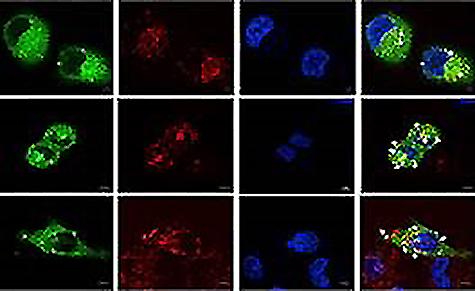 RNA synthesis - Center for RNA Biology and Therapeutics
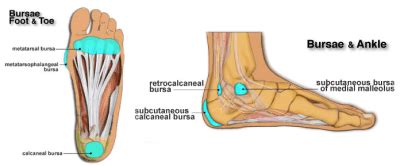 Medial Ankle Bursitis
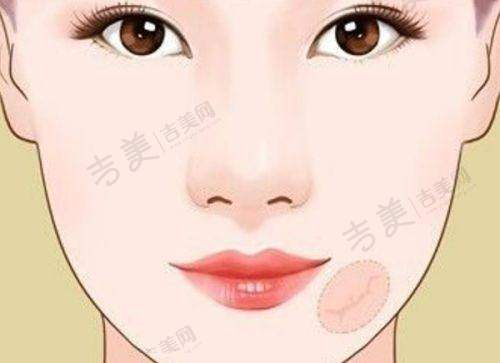 苏州吴中维多利亚美容医院江华医生的坐诊医院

## Task to carry out
With pictures omitted, reproduce exactly the lines from the line containing "Medial Ankle Bursitis" through the end of the data above.

## Result for this task
 Medial Ankle Bursitis
 苏州吴中维多利亚美容医院江华医生的坐诊医院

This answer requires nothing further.